A few months later, a tour bus carrying 54 children caught fire on Highway 17 south of San Jose.

The Alliance says the number of bus fires throughout California is increasing and called on CARB to suspend the diesel particulate filter requirement “before one of these incidents turns into unimaginable tragedy.”

It doesn’t help that the members of the Air Resources Board were tricked into voting for the Truck and Bus Rule. They were shown a statistical analysis which concluded that 9,400 premature deaths in California would be prevented by further reducing “fine particulate” air pollution from diesel engines. But then it turned out that the lead author of that study, CARB staffer Hien Tran, had purchased his Ph.D. in statistics from a diploma mill for $1,000. CARB chair Mary Nichols knew about the deception, but did not tell the board before the vote.

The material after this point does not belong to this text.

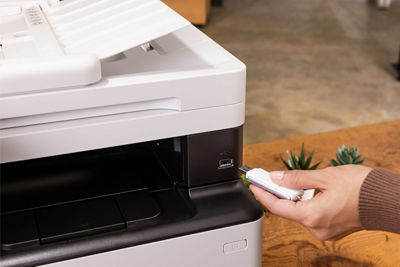 Person Inserting USB to imageCLASS MF462dw II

According to other studies — by scientists with genuine doctorate degrees — there are no premature deaths caused by fine particulate air pollution in California.

Secrecy surrounds the data used by government officials to justify the high cost of each new wave of air quality restrictions. Federal and state regulators come up with “premature death” numbers by interpreting two studies from the 1990s, but the underlying data from those studies has never been made available to independent scientists or even to the EPA itself. A proposed federal law to prohibit the EPA from making regulations based on “secret science” passed the House last year but stalled in the Senate.

The bill, S 544, deserves a vote. With a little more transparency, we could preserve the clean-air regulations that really clean the air and get rid of the ones that just burn us.